[Dataset records]
• • •

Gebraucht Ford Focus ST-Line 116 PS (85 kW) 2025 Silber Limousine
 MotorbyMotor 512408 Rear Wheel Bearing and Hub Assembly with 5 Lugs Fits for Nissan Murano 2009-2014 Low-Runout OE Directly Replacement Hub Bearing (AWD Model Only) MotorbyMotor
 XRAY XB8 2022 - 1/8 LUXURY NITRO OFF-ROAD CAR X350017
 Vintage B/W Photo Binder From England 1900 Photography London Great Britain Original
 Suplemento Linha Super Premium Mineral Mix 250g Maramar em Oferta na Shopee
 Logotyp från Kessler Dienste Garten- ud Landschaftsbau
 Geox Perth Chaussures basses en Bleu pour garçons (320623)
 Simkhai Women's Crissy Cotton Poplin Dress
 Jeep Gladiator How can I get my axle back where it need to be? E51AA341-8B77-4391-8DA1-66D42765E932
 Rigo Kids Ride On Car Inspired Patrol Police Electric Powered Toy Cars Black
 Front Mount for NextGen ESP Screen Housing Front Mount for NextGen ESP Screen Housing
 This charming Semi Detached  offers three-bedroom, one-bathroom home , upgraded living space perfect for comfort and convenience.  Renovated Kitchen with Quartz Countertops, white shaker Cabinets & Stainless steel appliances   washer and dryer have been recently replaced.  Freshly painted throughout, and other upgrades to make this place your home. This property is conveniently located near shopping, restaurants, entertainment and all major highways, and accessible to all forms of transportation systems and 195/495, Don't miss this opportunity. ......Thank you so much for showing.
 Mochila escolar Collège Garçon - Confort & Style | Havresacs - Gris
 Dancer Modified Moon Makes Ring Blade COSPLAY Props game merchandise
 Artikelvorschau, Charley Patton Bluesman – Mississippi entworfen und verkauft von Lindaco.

• • •

■ **Problem description**
Could you retype exactly the lines above, starting at the line that contains "XRAY XB8 2022" and ending at the line that contains "Front Mount for NextGen ESP Screen Housing Front", and nothing more?

■ **Written answer**
 XRAY XB8 2022 - 1/8 LUXURY NITRO OFF-ROAD CAR X350017
 Vintage B/W Photo Binder From England 1900 Photography London Great Britain Original
 Suplemento Linha Super Premium Mineral Mix 250g Maramar em Oferta na Shopee
 Logotyp från Kessler Dienste Garten- ud Landschaftsbau
 Geox Perth Chaussures basses en Bleu pour garçons (320623)
 Simkhai Women's Crissy Cotton Poplin Dress
 Jeep Gladiator How can I get my axle back where it need to be? E51AA341-8B77-4391-8DA1-66D42765E932
 Rigo Kids Ride On Car Inspired Patrol Police Electric Powered Toy Cars Black
 Front Mount for NextGen ESP Screen Housing Front Mount for NextGen ESP Screen Housing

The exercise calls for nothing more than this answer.